Not too long ago, I got the opportunity to attend the 2023 edition of the National Econometrics Study Group. This is a yearly conference, attended by researchers from all the Dutch universities with an Econometrics program and the KU Leuven (Belgium). It was the first scientific conference I have ever attended. I got the opportunity to present our work at the poster session. The day consisted of five one-hour blocks of presentations. In between the blocks, there were 20–30-minute breaks where people got the opportunity to walk by the posters. I put a lot of effort into preparing the poster and I practiced an elevator-pitch-like presentation. Every time someone walked past our poster, I had to give a quick introduction to it. There was only limited time, so I tried to explain everything as quickly and efficiently as possible. I felt a bit tense in advance, but it felt very natural when I started giving the mini-presentations. The NESG was a great opportunity to present our work for the first time. Besides, it was wonderful to meet so many econometrics researchers. The conference had a very pleasant atmosphere due to the approachability of everyone involved.
My academic journey does not end here! I will start with a Ph.D. in September. Traditionally, pursuing a Ph.D. in Econometrics involves completing a research master at the Tinbergen Institute. However, alternative paths can also lead to a Ph.D., and I have chosen one such route. Although I have not taken the research master, I will still have the opportunity to take relevant courses at the Tinbergen Institute.
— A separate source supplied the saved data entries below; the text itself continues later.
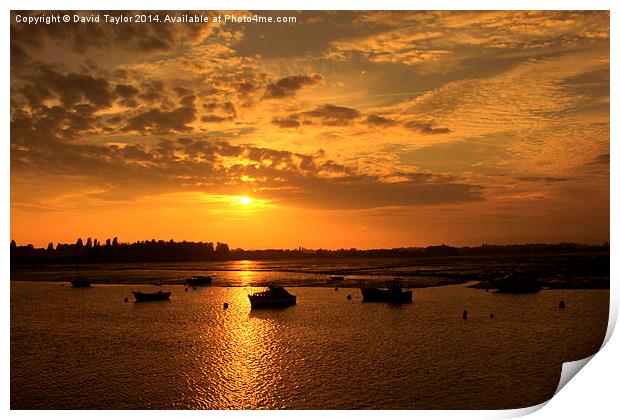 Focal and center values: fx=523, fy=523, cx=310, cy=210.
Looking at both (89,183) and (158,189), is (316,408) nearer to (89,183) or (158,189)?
(158,189)

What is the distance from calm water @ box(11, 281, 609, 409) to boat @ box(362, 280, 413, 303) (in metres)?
0.37

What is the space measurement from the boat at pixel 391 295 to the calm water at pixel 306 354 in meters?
0.37

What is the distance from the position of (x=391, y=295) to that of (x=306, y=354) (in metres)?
7.76

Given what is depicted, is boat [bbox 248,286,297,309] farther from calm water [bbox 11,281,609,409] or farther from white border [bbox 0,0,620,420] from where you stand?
white border [bbox 0,0,620,420]

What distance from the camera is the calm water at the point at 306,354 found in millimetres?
7340

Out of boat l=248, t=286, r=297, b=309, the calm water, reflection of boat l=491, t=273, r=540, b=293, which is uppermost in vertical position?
reflection of boat l=491, t=273, r=540, b=293

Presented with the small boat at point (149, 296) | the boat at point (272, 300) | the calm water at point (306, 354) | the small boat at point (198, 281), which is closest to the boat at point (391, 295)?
the calm water at point (306, 354)

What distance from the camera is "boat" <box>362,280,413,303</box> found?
16766 millimetres

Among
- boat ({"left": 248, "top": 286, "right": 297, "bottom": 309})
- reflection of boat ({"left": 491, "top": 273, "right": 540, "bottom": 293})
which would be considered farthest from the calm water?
reflection of boat ({"left": 491, "top": 273, "right": 540, "bottom": 293})

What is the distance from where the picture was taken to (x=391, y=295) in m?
16.9

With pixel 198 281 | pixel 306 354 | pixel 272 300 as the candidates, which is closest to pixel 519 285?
pixel 272 300

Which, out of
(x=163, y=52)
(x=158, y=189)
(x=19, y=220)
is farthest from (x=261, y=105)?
(x=19, y=220) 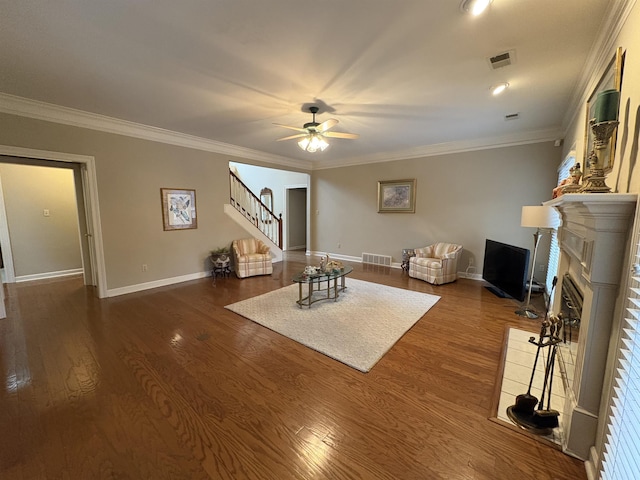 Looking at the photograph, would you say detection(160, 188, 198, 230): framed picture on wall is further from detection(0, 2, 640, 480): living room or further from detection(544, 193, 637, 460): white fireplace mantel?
detection(544, 193, 637, 460): white fireplace mantel

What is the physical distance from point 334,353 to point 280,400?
0.76 m

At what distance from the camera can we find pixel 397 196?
20.1 ft

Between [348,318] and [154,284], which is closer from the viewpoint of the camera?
[348,318]

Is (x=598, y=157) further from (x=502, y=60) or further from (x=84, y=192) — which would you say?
(x=84, y=192)

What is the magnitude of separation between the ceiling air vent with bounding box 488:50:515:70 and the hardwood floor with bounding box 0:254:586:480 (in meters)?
2.81

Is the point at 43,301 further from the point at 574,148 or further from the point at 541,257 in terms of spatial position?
the point at 541,257

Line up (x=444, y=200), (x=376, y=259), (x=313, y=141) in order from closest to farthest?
1. (x=313, y=141)
2. (x=444, y=200)
3. (x=376, y=259)

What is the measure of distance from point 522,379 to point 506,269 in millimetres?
2384

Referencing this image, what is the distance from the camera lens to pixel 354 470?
1.45 metres

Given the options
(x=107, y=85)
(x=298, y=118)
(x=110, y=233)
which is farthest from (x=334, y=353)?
(x=110, y=233)

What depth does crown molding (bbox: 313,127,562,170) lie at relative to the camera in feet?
14.6

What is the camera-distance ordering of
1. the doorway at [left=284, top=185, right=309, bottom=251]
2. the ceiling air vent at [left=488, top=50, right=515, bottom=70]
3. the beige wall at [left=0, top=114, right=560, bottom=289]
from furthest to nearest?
the doorway at [left=284, top=185, right=309, bottom=251], the beige wall at [left=0, top=114, right=560, bottom=289], the ceiling air vent at [left=488, top=50, right=515, bottom=70]

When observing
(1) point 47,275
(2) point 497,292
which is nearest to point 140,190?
(1) point 47,275

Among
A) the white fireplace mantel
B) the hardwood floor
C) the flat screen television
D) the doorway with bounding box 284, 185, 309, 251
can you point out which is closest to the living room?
the flat screen television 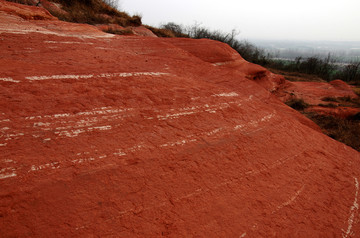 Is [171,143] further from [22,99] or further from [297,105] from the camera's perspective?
[297,105]

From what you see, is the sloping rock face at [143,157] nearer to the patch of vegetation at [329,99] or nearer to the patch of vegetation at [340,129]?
the patch of vegetation at [340,129]

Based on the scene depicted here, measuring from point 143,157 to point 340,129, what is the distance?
708cm

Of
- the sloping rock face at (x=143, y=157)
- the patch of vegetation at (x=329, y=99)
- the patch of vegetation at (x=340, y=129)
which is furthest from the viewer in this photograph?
the patch of vegetation at (x=329, y=99)

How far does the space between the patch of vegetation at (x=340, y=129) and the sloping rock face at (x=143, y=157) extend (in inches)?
97.8

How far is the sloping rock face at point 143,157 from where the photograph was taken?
1732 mm

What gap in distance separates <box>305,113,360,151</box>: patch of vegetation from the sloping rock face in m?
2.48

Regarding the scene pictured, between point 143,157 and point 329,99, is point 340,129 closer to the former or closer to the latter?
point 329,99

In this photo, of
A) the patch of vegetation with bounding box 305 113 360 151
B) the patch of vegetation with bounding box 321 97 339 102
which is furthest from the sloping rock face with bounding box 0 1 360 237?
the patch of vegetation with bounding box 321 97 339 102

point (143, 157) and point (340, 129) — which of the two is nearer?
point (143, 157)

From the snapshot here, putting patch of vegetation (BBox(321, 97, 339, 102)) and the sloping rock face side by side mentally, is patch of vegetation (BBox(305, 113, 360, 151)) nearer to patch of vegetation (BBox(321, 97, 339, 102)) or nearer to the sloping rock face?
the sloping rock face

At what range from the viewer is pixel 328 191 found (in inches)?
113

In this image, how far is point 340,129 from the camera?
6535 millimetres

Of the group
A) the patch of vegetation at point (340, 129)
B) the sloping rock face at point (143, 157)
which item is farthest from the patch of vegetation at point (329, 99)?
the sloping rock face at point (143, 157)

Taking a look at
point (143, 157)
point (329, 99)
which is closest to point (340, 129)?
point (329, 99) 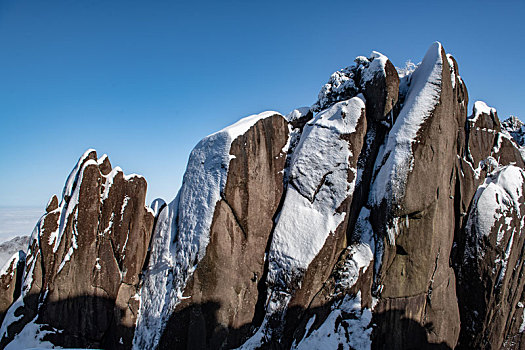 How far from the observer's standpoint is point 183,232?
11516 millimetres

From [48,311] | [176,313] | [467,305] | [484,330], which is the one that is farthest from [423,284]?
[48,311]

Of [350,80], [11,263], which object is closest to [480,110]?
[350,80]

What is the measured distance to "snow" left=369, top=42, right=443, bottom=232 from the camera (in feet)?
36.1

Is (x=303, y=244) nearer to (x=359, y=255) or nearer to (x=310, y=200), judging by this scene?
(x=310, y=200)

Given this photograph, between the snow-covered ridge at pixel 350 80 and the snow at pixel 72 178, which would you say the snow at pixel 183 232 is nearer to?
the snow-covered ridge at pixel 350 80

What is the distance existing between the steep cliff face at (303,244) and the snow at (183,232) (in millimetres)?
57

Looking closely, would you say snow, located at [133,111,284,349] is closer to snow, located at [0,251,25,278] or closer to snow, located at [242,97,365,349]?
snow, located at [242,97,365,349]

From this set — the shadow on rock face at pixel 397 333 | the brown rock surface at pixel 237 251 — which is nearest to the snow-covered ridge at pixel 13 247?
the brown rock surface at pixel 237 251

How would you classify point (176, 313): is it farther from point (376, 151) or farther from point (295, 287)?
point (376, 151)

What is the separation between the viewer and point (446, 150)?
11.7 metres

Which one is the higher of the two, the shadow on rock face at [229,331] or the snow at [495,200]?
the snow at [495,200]

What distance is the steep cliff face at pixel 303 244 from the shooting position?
34.8 feet

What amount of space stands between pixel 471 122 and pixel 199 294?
14227 mm

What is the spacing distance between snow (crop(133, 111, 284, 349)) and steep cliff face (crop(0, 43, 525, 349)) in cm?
6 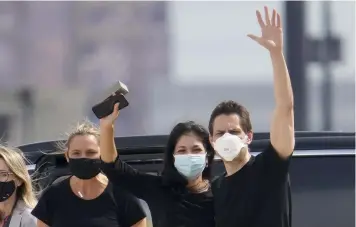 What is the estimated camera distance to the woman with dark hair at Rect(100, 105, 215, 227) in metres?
4.01

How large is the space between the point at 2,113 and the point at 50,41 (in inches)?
91.1

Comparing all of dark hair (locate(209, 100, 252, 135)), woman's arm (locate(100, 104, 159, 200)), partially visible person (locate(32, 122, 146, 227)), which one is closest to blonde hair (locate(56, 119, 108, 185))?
partially visible person (locate(32, 122, 146, 227))

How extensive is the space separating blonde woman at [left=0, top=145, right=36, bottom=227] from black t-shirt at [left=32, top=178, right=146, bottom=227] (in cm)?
11

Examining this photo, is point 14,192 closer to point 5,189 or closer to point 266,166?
point 5,189

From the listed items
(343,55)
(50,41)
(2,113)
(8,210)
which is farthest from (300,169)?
(50,41)

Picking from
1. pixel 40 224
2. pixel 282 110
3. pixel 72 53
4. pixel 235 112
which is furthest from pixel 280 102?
pixel 72 53

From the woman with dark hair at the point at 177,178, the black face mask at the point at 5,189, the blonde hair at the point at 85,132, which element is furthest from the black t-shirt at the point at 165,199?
the black face mask at the point at 5,189

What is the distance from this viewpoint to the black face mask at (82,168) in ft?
13.9

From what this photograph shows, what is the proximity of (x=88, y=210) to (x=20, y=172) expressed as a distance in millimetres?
428

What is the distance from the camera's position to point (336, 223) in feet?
14.7

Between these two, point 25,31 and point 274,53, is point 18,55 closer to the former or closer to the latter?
point 25,31

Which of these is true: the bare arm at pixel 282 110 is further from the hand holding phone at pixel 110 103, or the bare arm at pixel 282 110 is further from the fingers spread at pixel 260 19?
the hand holding phone at pixel 110 103

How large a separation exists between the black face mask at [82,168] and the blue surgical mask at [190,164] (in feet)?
1.48

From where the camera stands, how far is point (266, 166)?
3717mm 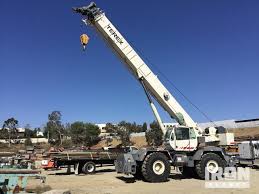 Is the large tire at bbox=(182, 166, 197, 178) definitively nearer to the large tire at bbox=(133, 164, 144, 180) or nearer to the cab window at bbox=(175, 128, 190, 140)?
the cab window at bbox=(175, 128, 190, 140)

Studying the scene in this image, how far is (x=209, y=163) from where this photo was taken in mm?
21172

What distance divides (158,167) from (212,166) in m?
3.34

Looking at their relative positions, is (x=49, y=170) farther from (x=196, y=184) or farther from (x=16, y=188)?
(x=16, y=188)

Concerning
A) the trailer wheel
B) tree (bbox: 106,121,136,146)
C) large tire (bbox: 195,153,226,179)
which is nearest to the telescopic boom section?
large tire (bbox: 195,153,226,179)

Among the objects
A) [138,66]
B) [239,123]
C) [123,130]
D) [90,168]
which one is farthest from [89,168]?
[123,130]

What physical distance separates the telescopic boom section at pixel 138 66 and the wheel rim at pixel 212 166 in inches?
94.6

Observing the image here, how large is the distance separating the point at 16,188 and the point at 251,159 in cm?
2068

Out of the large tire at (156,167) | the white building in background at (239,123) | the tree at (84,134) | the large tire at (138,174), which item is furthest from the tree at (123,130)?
the large tire at (156,167)

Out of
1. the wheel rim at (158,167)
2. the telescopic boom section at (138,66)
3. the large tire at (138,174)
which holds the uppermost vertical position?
the telescopic boom section at (138,66)

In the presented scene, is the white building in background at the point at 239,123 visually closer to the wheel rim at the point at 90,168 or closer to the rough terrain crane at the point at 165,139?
the wheel rim at the point at 90,168

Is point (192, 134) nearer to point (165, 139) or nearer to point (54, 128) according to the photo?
point (165, 139)

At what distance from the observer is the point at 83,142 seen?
104562mm

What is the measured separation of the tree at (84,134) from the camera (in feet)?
341

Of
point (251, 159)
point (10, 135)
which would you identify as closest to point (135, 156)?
point (251, 159) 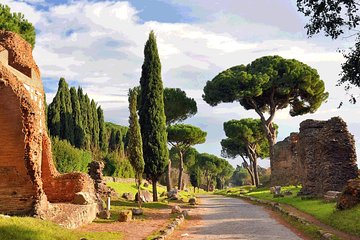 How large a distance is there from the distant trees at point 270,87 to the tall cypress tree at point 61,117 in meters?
16.2

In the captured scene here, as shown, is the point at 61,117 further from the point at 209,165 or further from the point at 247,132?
the point at 209,165

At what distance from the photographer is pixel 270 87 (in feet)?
139

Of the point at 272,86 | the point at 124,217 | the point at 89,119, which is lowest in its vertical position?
the point at 124,217

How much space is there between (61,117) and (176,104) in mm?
13953

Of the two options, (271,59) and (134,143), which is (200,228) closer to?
(134,143)

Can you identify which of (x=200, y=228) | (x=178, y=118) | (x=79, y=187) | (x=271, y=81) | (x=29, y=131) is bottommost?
(x=200, y=228)

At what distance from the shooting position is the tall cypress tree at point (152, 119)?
93.8ft

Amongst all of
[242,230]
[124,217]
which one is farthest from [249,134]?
[242,230]

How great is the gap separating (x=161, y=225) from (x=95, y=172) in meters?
8.33

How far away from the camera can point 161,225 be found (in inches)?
651

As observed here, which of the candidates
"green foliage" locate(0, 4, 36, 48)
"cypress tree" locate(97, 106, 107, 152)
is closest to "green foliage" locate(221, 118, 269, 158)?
"cypress tree" locate(97, 106, 107, 152)

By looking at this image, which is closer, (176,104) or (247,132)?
(176,104)

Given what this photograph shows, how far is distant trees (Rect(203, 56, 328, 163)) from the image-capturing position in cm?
4100

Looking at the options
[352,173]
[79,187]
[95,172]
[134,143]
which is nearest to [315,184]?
[352,173]
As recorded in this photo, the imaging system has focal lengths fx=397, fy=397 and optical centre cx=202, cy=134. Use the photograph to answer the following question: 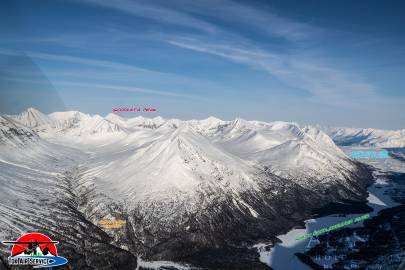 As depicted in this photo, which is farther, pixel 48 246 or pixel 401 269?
pixel 48 246

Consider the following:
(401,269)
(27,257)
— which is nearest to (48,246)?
(27,257)

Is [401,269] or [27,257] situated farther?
[27,257]

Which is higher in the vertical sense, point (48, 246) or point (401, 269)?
point (48, 246)

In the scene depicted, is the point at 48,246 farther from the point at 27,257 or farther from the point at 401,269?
the point at 401,269
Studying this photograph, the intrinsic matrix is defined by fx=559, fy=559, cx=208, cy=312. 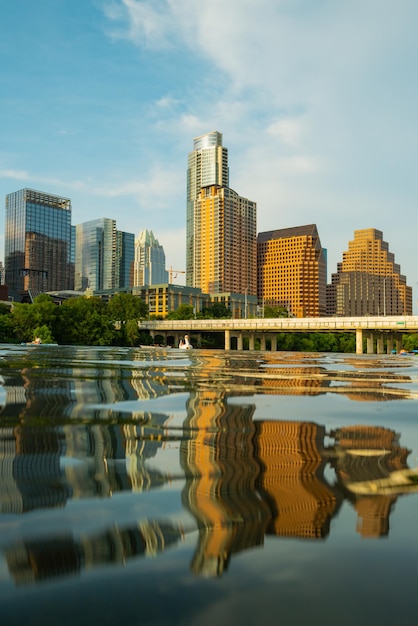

While the exact focus of my research is still somewhat open, it will center around the intersection of time series econometrics and machine learning. The field of machine learning is rapidly expanding, and it is crucial for time series econometrics to keep pace with the latest advancements. My objective during the Ph.D. program is to contribute to this task.
The potential of machine learning is highly promising, and I firmly believe that it can make significant contributions to solving econometrics problems. However, it is crucial to acknowledge the serious concerns associated with its use. One of the main challenges of machine learning lies in its lack of interpretability and explainability. In domains such as healthcare, where machine learning techniques consistently save lives, the benefits often outweigh the drawbacks. However, in the field of econometrics, quantifying the risks of applying machine learning algorithms can be considerably more challenging. In hindsight, there have been many instances where machine learning algorithms have caused more harm than progress. As practitioners, it is our ethical duty to use machine learning responsibly and cautiously.